WAS BRINGT ES FÜR DIE KARRIERE?

Ein erfolgreicher Werdegang mit einem Fernstudium könne etwa so aussehen: Jemand, der vorher Sachbearbeiter war, übernimmt hinterher Führungsaufgaben, etwa als Teamleiter – sagt Markus Jung, der selbst ein Fernstudium absolviert und anschließend mit Anne Oppermann das Buch „100 Fragen und Antworten zum Fernstudium. Richtig begleitet zum Erfolg“ geschrieben hat. Schließlich habe man durch das Fernstudium gezeigt, dass man sich weiterentwickelt und zusätzliche Fähigkeiten erworben hat. „Man könnte sogar sagen, dass ein Fernstudienabschluss bei manchen Arbeitgebern positiver ankommt als ein herkömmlicher Uni-Abschluss“, sagt Jung.
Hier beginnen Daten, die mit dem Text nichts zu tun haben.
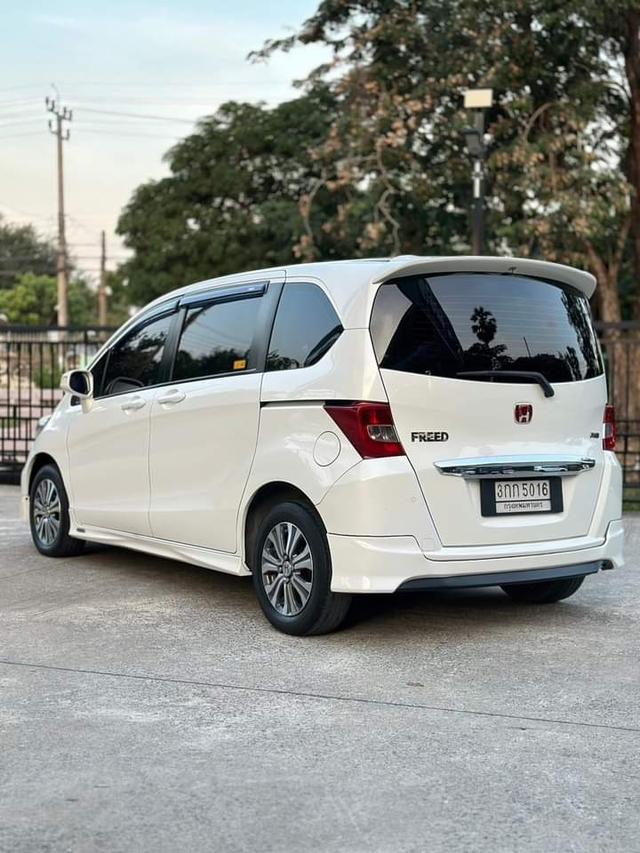 Honda Freed สีขาว 6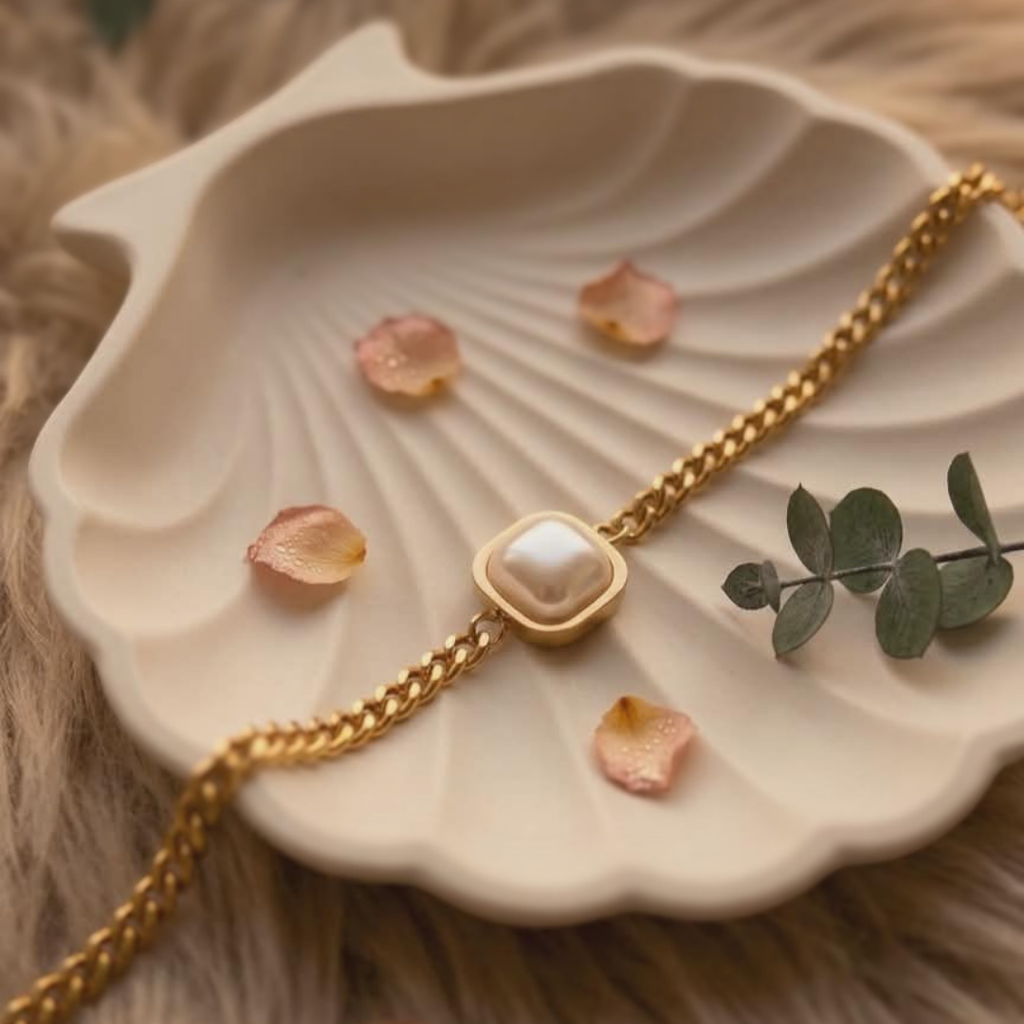 Elegant  Gold Plated Square Pearl Charm Stainless Steel Curb Chain Bracelet for Women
Denn wenn jemand neben der Arbeitsbelastung ein Studium geschafft hat, beweist das Belastbarkeit, Selbstorganisation, Einsatzbereitschaft und Motivation. Verbandspräsident Martin Kurz: „Die meisten haben hinterher deutlich mehr Verantwortung und Gehalt.“



IN WELCHEN FÄCHERN IST ES SINNVOLL?

Besonders viele Angebote gebe es für Betriebswirtschaft und Informatik, sagt Jung: „Außerdem einiges im Ingenieurbereich.“ Fächer, zu denen viel Praxis gehört, bieten sich nicht an, etwa Medizin. „Es gibt aber einen Trend zu Fächern wie Gesundheitswirtschaft für Leute in Pflegeberufen, oder für Mediziner, die nicht mehr praktizieren wollen“, sagt Jung. Auch Geisteswissenschaften sind selten.

WO GIBT ES ORIENTIERUNG?

„Das Internet ist eine gute Anlaufstelle“, sagt Jung. Man solle darauf achten, dass private Angebote von der Staatlichen Zentralstelle für Fernunterricht (ZFU) zugelassen worden sein müssen. Auf der Internetseite der ZFU (www.zfu.de) gibt es ein Verzeichnis für zugelassene Studiengänge. Weitere Seiten: www.fernstudium-tipps.de, www.fernstudium-vergleich.de, www.fernstudium-net.de, www.fernstudium-infos.de.

WIE WICHTIG IST DIE PRÄSENZ?

Wer sich für einen Anbieter entschieden hat oder noch zwischen mehreren schwankt, für den kann eine persönliche Studienberatung vor Ort eine Option sein. Es kann aber eine lange Anfahrt bedeuten. „Nicht unbedingt nötig“, findet Kurz allerdings einen Besuch: „Bei Studiengängen mit relativ vielen Präsenzveranstaltungen kann es sinnvoll sein“. Grundsätzlich muss man sich darüber klar werden, welche Struktur der Studiengang haben sollte. „Das ist eine Typfrage“, sagt Kurz. „Wer befürchtet, es sonst nicht zu schaffen, sollte einen Studiengang mit vielen Präsenzveranstaltungen, regelmäßigen Terminen und vorgegebenem Takt wählen.“ Wer hingegen beruflich stark eingespannt ist, brauche Flexibilität. Dann kämen Angebote infrage, die unabhängig vom Semesterbetrieb sind.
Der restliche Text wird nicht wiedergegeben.